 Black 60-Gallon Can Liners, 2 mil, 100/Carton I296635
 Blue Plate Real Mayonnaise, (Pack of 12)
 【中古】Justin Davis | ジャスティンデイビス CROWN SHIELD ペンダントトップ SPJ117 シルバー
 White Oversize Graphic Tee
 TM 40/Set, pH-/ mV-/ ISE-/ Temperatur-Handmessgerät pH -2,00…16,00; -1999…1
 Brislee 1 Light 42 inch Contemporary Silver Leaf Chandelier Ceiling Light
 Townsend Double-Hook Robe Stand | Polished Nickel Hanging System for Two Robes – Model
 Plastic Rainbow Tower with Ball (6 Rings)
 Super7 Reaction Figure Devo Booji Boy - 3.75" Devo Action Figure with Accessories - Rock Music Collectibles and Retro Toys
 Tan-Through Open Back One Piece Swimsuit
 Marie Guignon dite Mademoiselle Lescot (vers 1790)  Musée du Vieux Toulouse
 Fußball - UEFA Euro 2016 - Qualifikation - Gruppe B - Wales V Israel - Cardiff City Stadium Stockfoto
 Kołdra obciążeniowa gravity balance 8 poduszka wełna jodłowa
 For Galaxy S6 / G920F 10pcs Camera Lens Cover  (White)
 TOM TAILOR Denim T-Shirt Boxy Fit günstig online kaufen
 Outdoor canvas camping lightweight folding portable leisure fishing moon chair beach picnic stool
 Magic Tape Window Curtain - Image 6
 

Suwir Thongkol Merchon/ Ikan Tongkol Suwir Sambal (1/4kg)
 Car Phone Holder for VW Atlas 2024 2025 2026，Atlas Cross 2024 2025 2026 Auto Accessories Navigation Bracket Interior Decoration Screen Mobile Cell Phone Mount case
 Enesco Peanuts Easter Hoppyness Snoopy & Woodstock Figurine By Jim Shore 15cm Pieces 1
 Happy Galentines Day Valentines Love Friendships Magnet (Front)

****************************************

Task goal
Only what runs from the line containing "Enesco Peanuts Easter" through the final line of the entries above belongs in the answer, restated exactly.

Exercise answer
 Enesco Peanuts Easter Hoppyness Snoopy & Woodstock Figurine By Jim Shore 15cm Pieces 1
 Happy Galentines Day Valentines Love Friendships Magnet (Front)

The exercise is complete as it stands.